The Conscious Parent by Shefali Tsabary

The Conscious Parent by Shefali Tsabary

Author:Shefali Tsabary
Language: eng
Format: epub
Publisher: Joosr Ltd


Conscious parenting is not permissive parenting: we play a vital role in shaping our children’s behavior

When your child makes a mistake, they need to know that they are still loved and that they are not inherently “bad.” Parenting through fear or shame shuts off your child’s connection to you and does not let them learn from the experience.

Consider this: You come downstairs one day and find the kitchen strewn with breakfast cereal and spilt milk. Your child is sitting at the table with a huge beam on their face. Like so many others in your situation, your response is to immediately launch into a tirade of anger. But what you fail to realize is that your child tried to help you out by fixing their own breakfast that morning and had felt proud of themselves for doing so.

If we pause and reflect, we are more likely to see our child’s good intentions and so react with more consideration. Again, the pause is crucial: it allows us to remember that our reactions are usually a reflection on us, rather than our child. Honoring our child’s true nature means being mindful of the fact that they will do things differently to how we might want them to, and this does not mean that their way is any less worthwhile.

Sometimes, though, a child who acts out is calling for you to offer boundaries and containment. Most children who repeatedly exasperate their parents to the point of anger are actually asking for more sufficient boundaries.

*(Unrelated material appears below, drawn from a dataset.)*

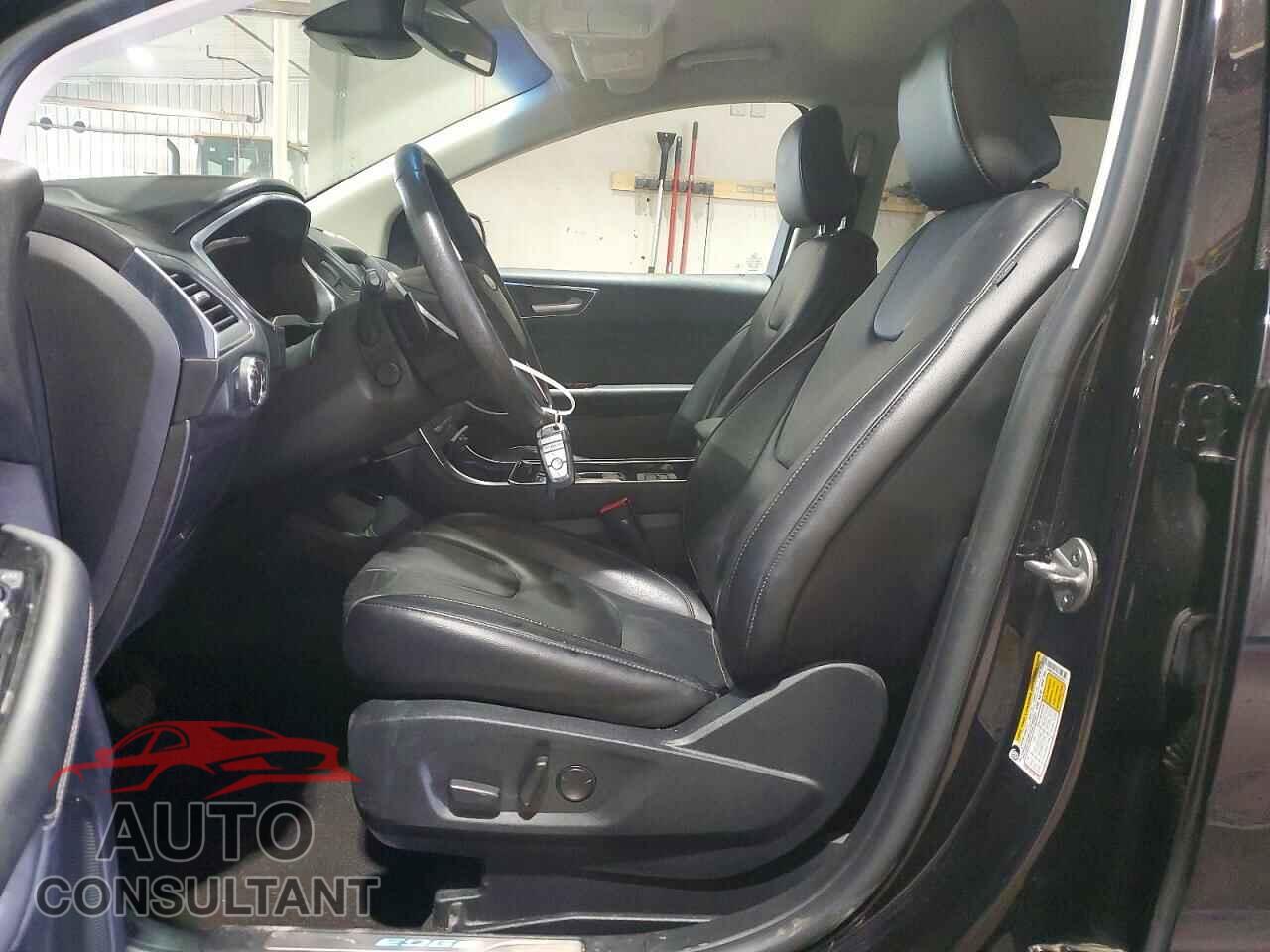 FORD EDGE 2020 - 2FMPK4K98LBA55841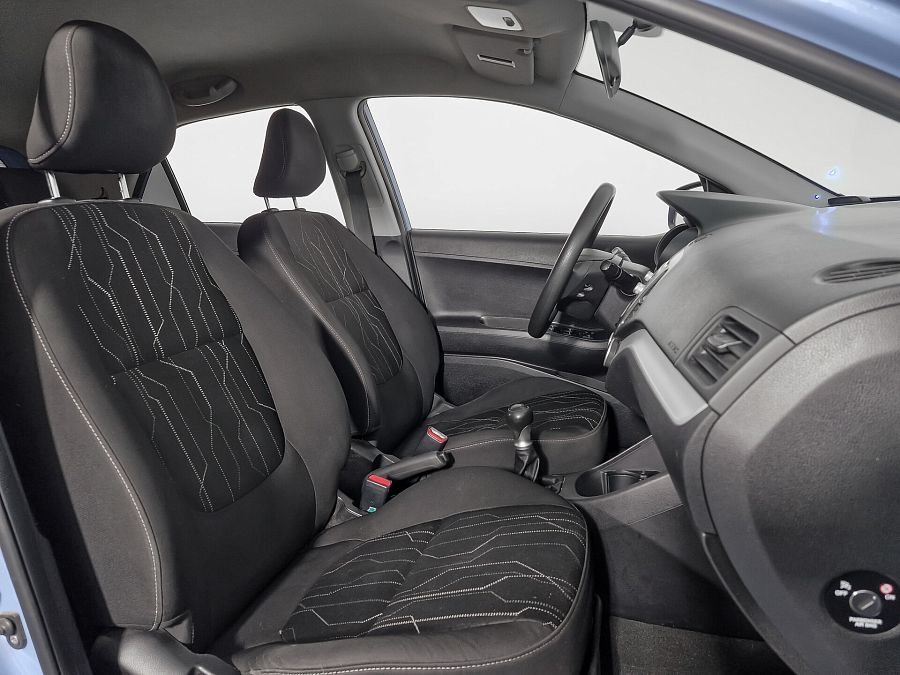 Kia Picanto 1.0 MT (69 л.с.), 2012 Kia Picanto 1.0 MT (69 л.с.), 2012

A child who continually pulls her brother’s hair needs to be treated firmly and consistently, with swift action the first time it happens—not from a place of judgment, but with a matter-of-fact “We don’t hurt others, you’ll have to sit next to me for the next five minutes.” You could then simply sit quietly with them, and afterwards ask them how they can make amends with their sibling.

Responding consistently each time reinforces the boundary, giving the child a sense of anchoring, both physically and emotionally. Later you can look at the reason behind the behavior and work on that (perhaps, for example, they feel that the brother gets more attention than them). Your calm response will have the added advantage of making your child more receptive to a conversation about balancing their own will with the needs of others, preparing them for harmonious relationships throughout their lives.

Conscious parenting requires that we remove the emotion from shaping our child’s behavior, instead looking at the reason they act a certain way. If needs be, we can then act swiftly and firmly to stop the behavior, and prevent it from happening in the future.